Selon l’INSEE, les prénoms les plus prisés dans l’île ont été Ghjulia et Andria en 2020 sachant qu’il faut relativiser puis Ghjulia a été donnée 25 fois et qu’Andria l’a été à 33 reprises. Au niveau national, on trouve Jade, Louise et Emma pour les filles, Leo, Gabriel et Raphaël pour les garçons. On s’étonnera toutefois de ne pas trouver de prénoms à consonance maghrébine alors que cette population est en France la plus prolifique. Mais admettons qu’en Corse Andria et Ghjulia prennent la tête des prénoms.
C’est à la fois un produit du riacquistu culturali et une rupture avec l’ancienne tradition corse qui voulait que les petits enfants perpétuent la mémoire des grands-parents.

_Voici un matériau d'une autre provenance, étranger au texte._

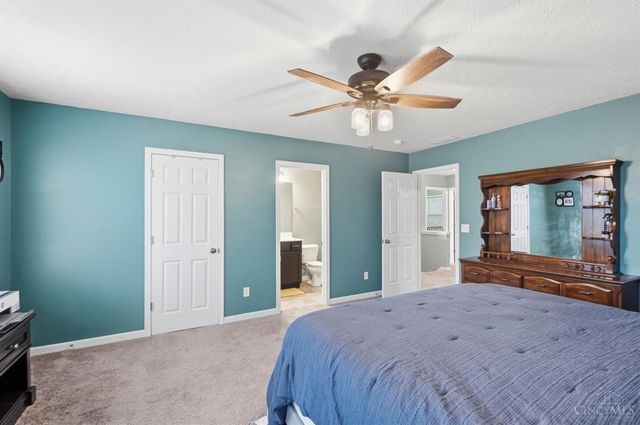1022 Golden Oak Drive, Hamilton, OH 45013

Autre difficulté : l’écriture du corse stabilisée selon les règles d’Intricciat’è cambiarine qui introduit les ternaires chj, ghj. On imagine les difficultés pour une jeune fille s’appelant Chjara Cucchi ce qui donne hélas en bon français « chiara cuchi ». Autre obstacle : celles et ceux qui portent des prénoms issus d’autres langues : on se souviendra qu’Alain est devenu Alanu, Yvan en Ivanu ce qui est hautement improbable.

La bêtise de l’interdiction


Mais revenons-en à Eric Zemmour et à sa proposition. Si elle était avalisée, la France serait une exception dans le monde. Partout ailleurs la multiplicité des prénoms n’est pas même discutée. Mais franchement, pense-t-on réellement régler la panne de l’intégration en imposant un prénom souvent issu d’ailleurs de la culture germanique. Les Corses ont bien raison de donner des prénoms corses à leurs enfants tout simplement parce qu’un prénom est un choix personnel qui en dit long sur l’appartenance à une communauté. Appeler son fils Adolphe après 1933 pouvait fort bien s’interpréter comme un soutien au nazisme et Joseph comme une déclaration d’amour au tyran soviétique. Les Philippe ont été légion sous le court règne pétainiste. On peut présumer que les Charles ont soudain explosé avec De Gaulle.
Les prénoms et les noms sont des marqueurs culturels qui témoignent de changements personnels et sociétaux dans un sens comme un autre. Ou bien on croit à la richesse de la France aux cent cinquante fromages et aux vingt provinces et on ne mène pas cette absurde guerre des prénoms ou on la comprend comme un glacis homogène et donc mort-vivant. Alors on joue contre une France moderne.